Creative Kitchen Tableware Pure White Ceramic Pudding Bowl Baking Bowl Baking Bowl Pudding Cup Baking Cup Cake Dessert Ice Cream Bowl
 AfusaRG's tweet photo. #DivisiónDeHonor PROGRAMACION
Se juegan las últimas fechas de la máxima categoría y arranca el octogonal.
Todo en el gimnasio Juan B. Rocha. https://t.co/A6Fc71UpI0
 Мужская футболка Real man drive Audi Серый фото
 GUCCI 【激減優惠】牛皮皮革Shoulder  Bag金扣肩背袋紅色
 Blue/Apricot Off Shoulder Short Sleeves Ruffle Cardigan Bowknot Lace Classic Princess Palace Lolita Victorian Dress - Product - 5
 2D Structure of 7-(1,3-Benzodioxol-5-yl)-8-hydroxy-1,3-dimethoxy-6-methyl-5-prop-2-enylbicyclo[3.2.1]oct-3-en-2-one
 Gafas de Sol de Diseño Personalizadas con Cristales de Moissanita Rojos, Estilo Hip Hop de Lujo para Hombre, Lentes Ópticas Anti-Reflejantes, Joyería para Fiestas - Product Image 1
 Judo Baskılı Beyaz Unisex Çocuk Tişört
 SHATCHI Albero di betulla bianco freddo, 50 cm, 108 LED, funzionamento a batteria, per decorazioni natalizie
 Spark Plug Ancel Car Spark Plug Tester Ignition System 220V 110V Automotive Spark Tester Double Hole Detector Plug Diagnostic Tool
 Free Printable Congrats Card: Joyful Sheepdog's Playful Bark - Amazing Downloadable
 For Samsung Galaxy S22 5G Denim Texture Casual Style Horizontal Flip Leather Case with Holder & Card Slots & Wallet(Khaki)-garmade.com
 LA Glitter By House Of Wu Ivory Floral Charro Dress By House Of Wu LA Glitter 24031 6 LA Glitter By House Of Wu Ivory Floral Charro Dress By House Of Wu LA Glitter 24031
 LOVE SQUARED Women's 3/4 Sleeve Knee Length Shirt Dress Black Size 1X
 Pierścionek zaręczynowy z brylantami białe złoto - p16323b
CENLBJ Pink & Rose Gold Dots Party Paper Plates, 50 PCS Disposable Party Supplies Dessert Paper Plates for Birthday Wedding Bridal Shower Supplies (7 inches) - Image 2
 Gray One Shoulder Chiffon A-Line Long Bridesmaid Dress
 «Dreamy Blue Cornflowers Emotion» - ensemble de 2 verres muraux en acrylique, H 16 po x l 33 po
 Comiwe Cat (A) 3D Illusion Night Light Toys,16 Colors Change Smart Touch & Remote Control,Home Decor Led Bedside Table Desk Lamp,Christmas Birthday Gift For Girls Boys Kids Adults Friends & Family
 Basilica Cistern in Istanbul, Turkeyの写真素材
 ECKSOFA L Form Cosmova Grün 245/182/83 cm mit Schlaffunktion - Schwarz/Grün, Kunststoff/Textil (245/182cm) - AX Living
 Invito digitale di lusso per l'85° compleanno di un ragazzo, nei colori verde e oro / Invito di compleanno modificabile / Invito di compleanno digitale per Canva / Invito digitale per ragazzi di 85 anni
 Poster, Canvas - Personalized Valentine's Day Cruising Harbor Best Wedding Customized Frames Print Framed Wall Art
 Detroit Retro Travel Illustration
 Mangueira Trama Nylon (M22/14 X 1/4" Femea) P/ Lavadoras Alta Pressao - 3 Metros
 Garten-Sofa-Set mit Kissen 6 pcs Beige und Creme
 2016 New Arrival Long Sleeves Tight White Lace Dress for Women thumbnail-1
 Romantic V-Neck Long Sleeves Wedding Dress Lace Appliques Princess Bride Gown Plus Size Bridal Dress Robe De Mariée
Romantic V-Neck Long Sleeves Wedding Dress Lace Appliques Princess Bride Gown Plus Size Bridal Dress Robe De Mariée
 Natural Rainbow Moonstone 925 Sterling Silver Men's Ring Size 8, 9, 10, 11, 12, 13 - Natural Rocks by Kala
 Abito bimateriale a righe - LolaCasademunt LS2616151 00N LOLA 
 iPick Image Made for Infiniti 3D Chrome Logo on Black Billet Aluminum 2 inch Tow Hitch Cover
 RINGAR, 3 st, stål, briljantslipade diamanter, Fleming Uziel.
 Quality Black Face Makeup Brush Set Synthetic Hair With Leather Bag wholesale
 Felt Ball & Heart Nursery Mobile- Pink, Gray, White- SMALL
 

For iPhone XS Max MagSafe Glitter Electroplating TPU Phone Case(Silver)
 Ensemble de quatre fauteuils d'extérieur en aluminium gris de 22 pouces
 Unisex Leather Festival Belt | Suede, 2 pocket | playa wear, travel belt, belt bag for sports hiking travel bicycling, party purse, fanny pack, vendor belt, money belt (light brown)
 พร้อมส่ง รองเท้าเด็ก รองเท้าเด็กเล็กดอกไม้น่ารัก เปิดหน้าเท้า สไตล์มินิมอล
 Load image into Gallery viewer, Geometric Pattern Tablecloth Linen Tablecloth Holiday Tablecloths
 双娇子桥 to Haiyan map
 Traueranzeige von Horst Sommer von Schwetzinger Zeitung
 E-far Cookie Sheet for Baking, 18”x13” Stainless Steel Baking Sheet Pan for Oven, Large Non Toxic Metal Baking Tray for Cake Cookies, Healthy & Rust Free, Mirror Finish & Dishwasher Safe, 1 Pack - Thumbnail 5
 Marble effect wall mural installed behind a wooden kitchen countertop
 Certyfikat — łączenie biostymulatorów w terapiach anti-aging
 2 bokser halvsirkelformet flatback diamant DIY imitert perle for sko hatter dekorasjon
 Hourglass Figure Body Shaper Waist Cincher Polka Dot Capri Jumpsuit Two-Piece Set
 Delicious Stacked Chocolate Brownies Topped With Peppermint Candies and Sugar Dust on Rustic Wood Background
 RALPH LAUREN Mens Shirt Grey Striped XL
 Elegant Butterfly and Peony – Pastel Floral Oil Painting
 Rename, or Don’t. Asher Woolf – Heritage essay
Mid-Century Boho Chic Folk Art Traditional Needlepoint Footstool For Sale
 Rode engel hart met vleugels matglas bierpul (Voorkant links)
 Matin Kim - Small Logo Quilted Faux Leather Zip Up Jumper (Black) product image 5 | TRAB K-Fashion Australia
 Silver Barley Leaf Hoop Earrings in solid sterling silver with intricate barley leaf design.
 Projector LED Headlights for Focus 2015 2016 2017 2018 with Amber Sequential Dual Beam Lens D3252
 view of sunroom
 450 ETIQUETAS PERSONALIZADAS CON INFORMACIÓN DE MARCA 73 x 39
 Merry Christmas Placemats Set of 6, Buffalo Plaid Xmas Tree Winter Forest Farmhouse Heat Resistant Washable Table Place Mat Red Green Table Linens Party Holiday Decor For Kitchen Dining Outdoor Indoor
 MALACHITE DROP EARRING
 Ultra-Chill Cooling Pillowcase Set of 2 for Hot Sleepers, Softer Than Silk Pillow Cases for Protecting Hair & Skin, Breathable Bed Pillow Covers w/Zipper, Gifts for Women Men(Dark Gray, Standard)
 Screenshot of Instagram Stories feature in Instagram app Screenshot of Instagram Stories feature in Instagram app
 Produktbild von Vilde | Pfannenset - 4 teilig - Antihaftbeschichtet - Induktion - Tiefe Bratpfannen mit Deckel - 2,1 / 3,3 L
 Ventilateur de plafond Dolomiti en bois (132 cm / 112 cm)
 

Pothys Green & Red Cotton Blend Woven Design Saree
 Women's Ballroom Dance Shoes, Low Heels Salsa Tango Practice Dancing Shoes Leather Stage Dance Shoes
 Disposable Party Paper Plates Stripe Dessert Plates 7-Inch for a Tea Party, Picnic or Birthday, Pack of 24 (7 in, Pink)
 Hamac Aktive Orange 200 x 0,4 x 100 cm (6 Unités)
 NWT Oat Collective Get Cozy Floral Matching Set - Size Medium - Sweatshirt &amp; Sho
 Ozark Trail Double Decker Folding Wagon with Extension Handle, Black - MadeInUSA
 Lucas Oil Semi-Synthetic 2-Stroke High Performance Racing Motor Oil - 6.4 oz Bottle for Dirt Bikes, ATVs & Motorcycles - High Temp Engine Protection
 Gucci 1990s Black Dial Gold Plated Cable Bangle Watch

|---|

▶ [Task requirements]: Using the data above, return every line that contains the string "Princess".

▶ [Solution to the exercise]:
 Blue/Apricot Off Shoulder Short Sleeves Ruffle Cardigan Bowknot Lace Classic Princess Palace Lolita Victorian Dress - Product - 5
 Romantic V-Neck Long Sleeves Wedding Dress Lace Appliques Princess Bride Gown Plus Size Bridal Dress Robe De Mariée
Romantic V-Neck Long Sleeves Wedding Dress Lace Appliques Princess Bride Gown Plus Size Bridal Dress Robe De Mariée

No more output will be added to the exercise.